**EXERCISE DIRECTIONS**.
Begin at the line that has "Used 2019 Maserati Ghibli S image 21", stop after the line that has "NWOT Vince coated", and print exactly those lines from the records below, without any pictures.

**THE INPUT**.
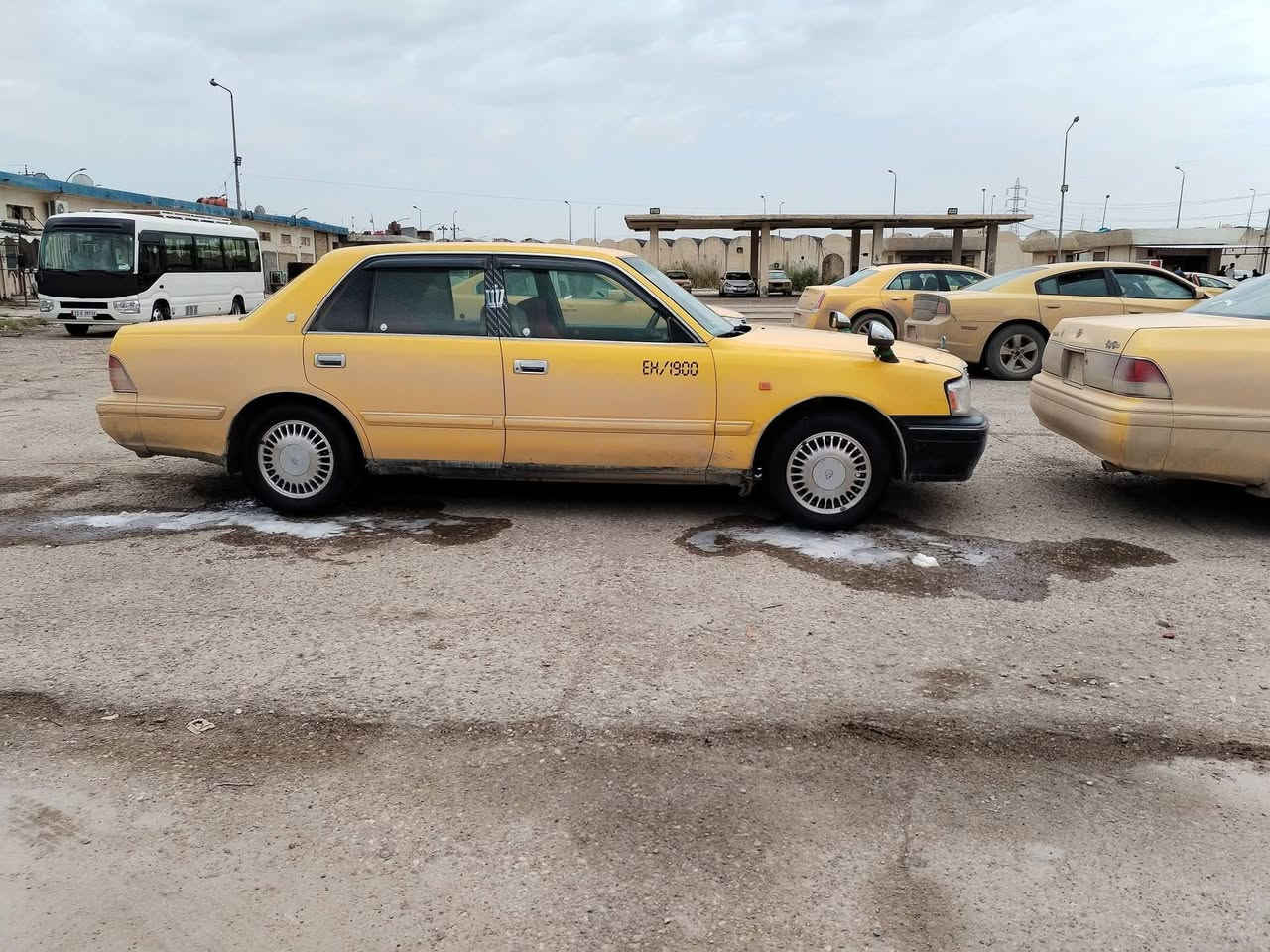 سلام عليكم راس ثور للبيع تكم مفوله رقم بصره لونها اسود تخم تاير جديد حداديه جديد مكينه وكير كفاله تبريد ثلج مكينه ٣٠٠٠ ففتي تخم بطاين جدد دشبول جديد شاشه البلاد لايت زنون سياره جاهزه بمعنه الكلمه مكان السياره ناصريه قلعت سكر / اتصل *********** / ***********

---

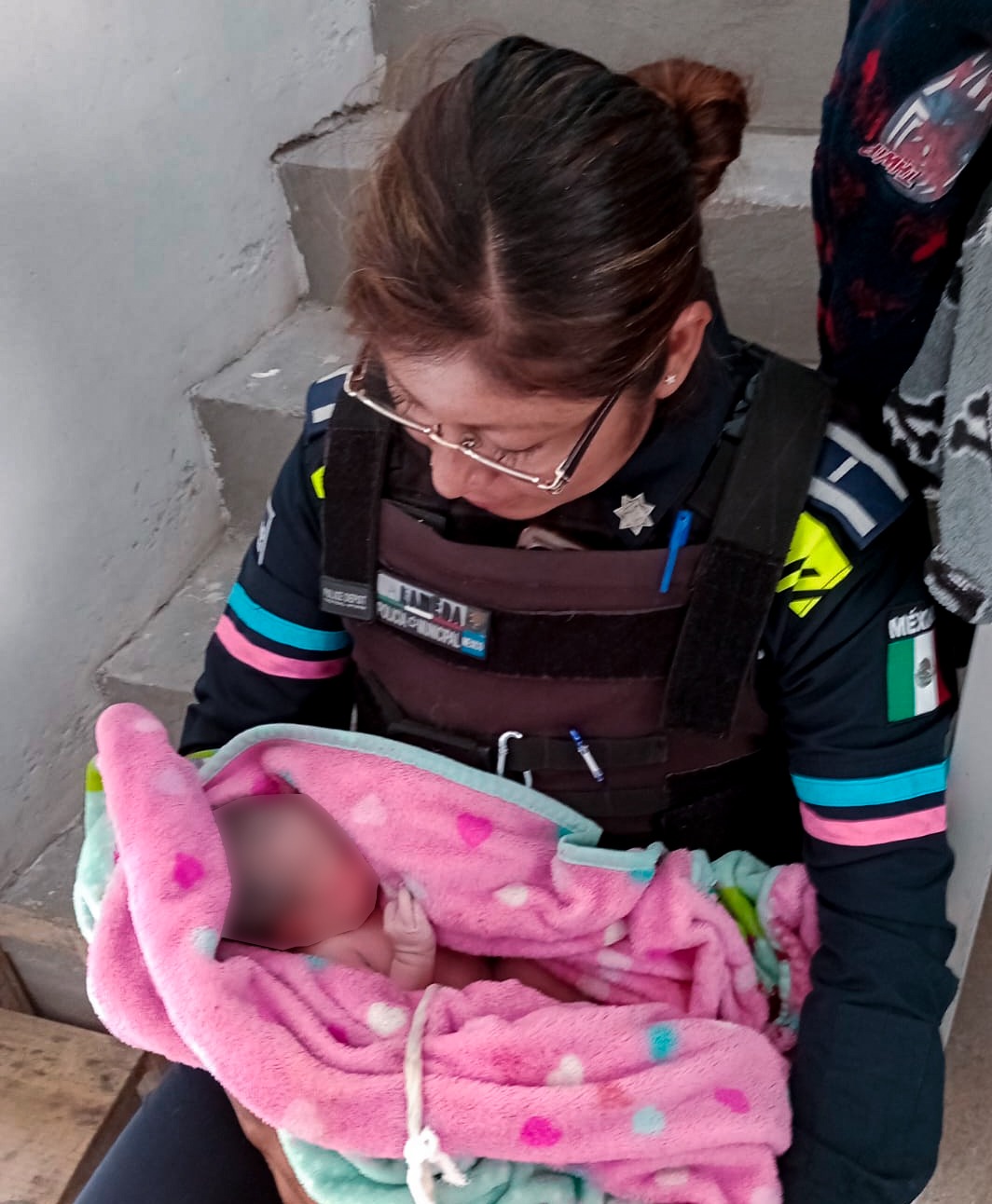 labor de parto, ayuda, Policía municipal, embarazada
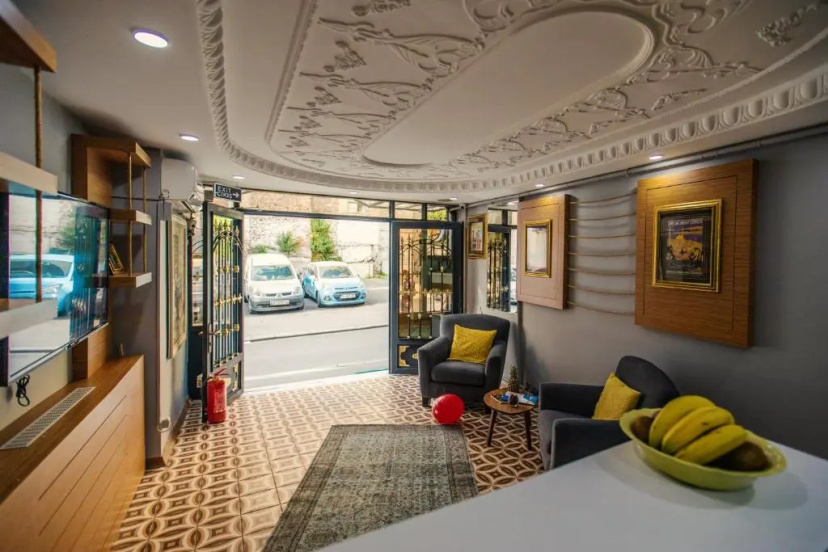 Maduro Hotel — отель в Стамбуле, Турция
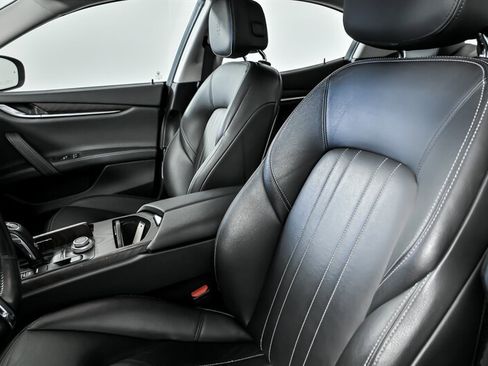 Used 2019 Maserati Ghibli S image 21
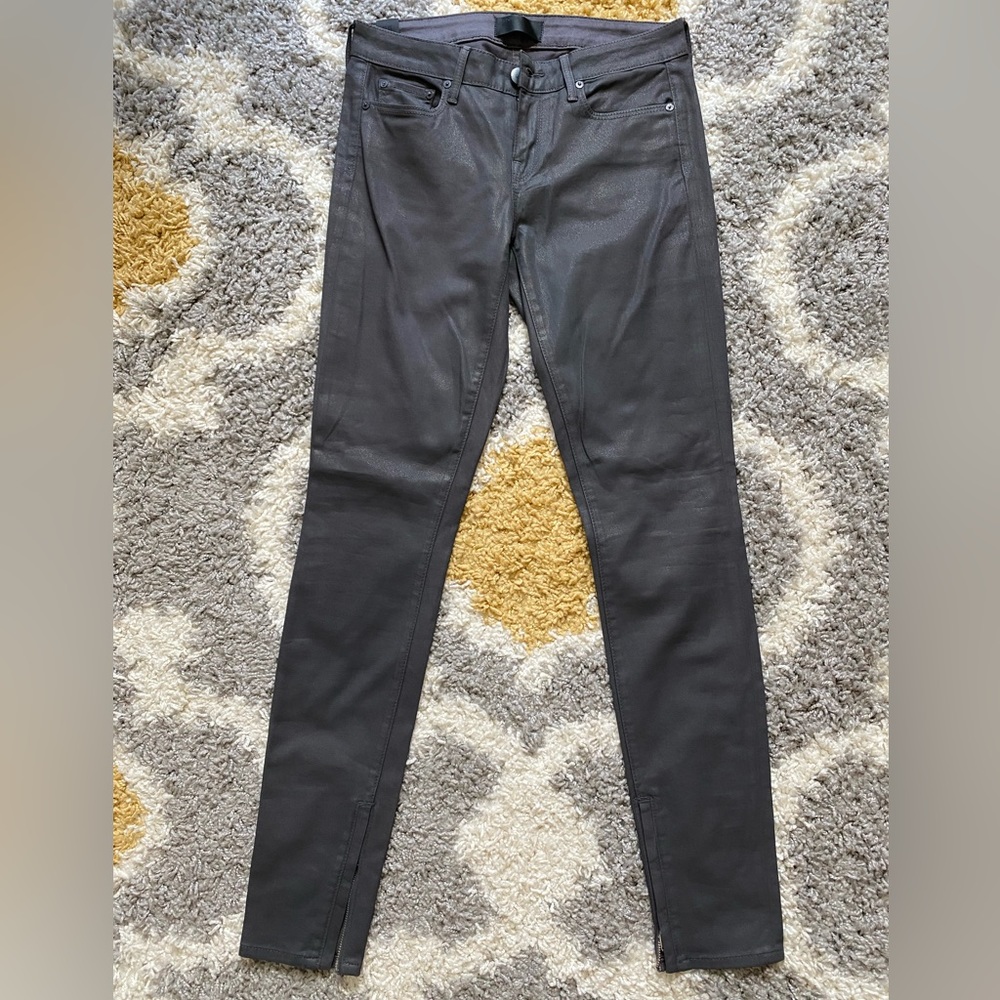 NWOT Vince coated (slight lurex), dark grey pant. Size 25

...

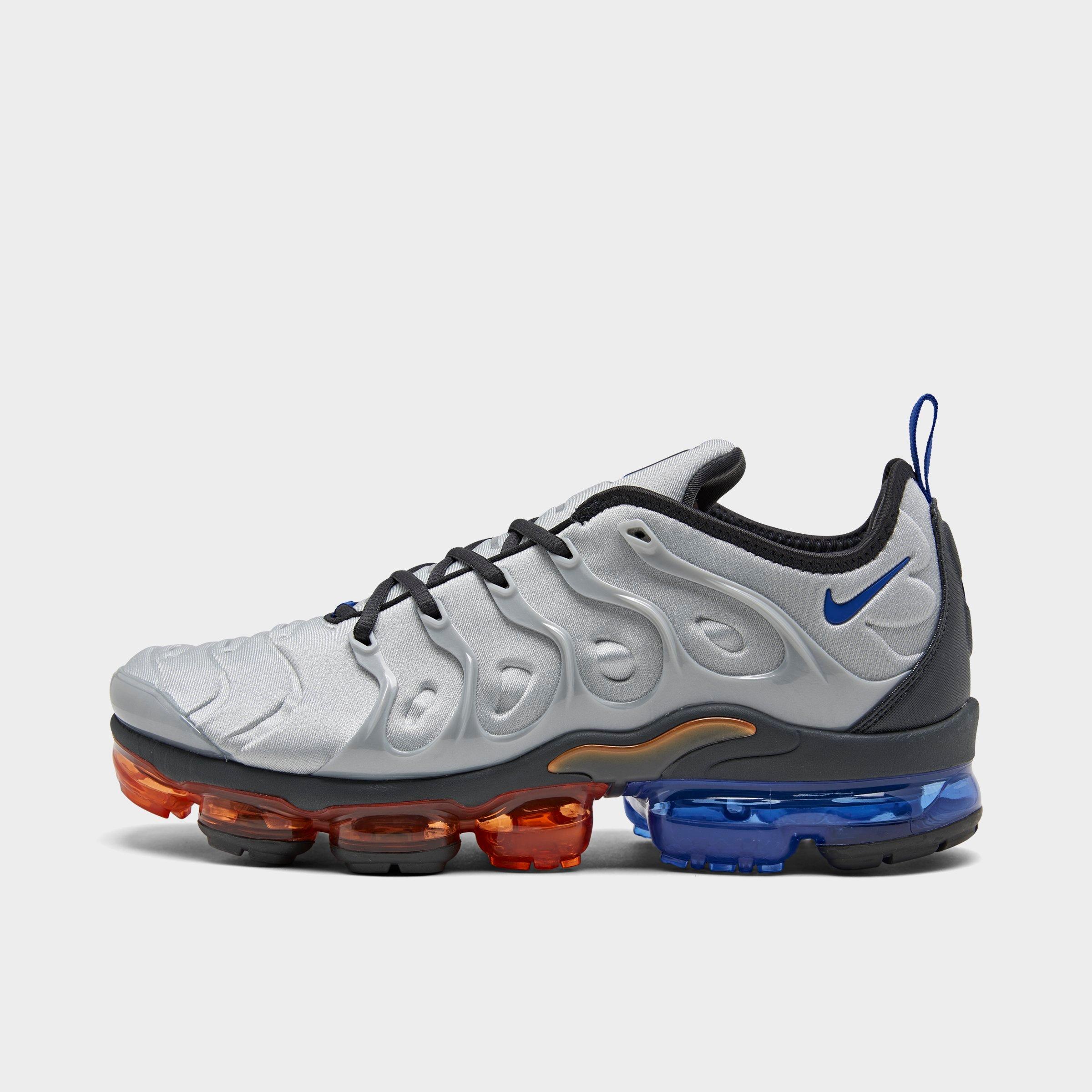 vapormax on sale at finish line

**EXERCISE SOLUTION**.
 Used 2019 Maserati Ghibli S image 21
 NWOT Vince coated (slight lurex), dark grey pant. Size 25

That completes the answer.